Other related entities

 

In the ordinary course of business, the Company enters into transactions with related parties, such as equity affiliates, to purchase and/or sell advertising, the sale of programming, administrative services and supplying digital technology and services for digital pay television platforms.
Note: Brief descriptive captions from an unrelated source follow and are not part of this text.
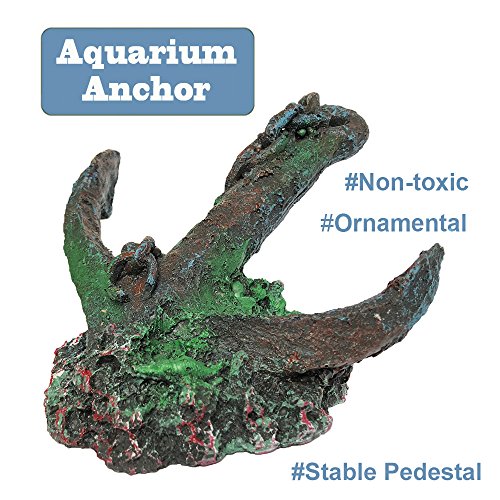 SLOCME Aquarium Ornaments Resin Anchor Decorations - Fish Tank Supplies Accessories, Eco-Friendly Non-Toxic Aquarium Decor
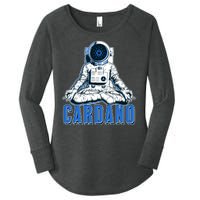 Cardano Mediating Yoga Astronaut Crypto Currency Women's Perfect Tri Tunic Long Sleeve Shirt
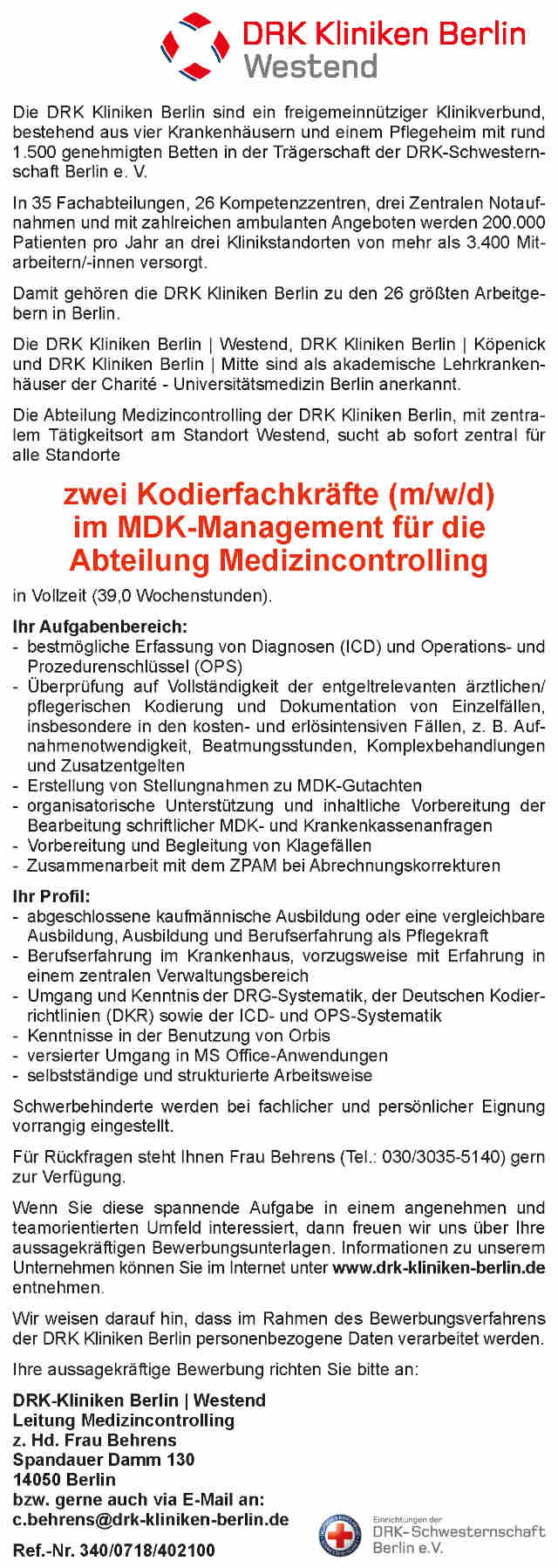 DRK Kliniken Berlin: Kodierfachkräfte (m/w/d)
The following table sets forth the net revenue from related parties included in the consolidated statements of operations:

  For the years ended June 30,
  2013 2012 2011
   (in millions)
          
Related party revenue, net of expense $ 398 $ 317 $ 362

The following table sets forth the amount of accounts receivable due from and payable to related parties outstanding on the consolidated balance sheets:

  As of June 30,
  2013 2012
   (in millions)
       
Accounts receivable from related parties $ 254 $ 245
Accounts payable to related parties(a)   456   159

Rotana

 

The Company currently has an approximate 19% interest in Rotana Holding FZ-LLC (“Rotana”), which operates a diversified film, television, audio, advertising and entertainment business across the Middle East and North Africa. A significant stockholder of the Company, who owns approximately 7% of the Company's Class B Common Stock, owns a controlling interest in Rotana.  The Company also has an option to sell its interest in Rotana in fiscal year 2015 at the higher of the price per share based on a bona-fide sale offer or the original subscription price.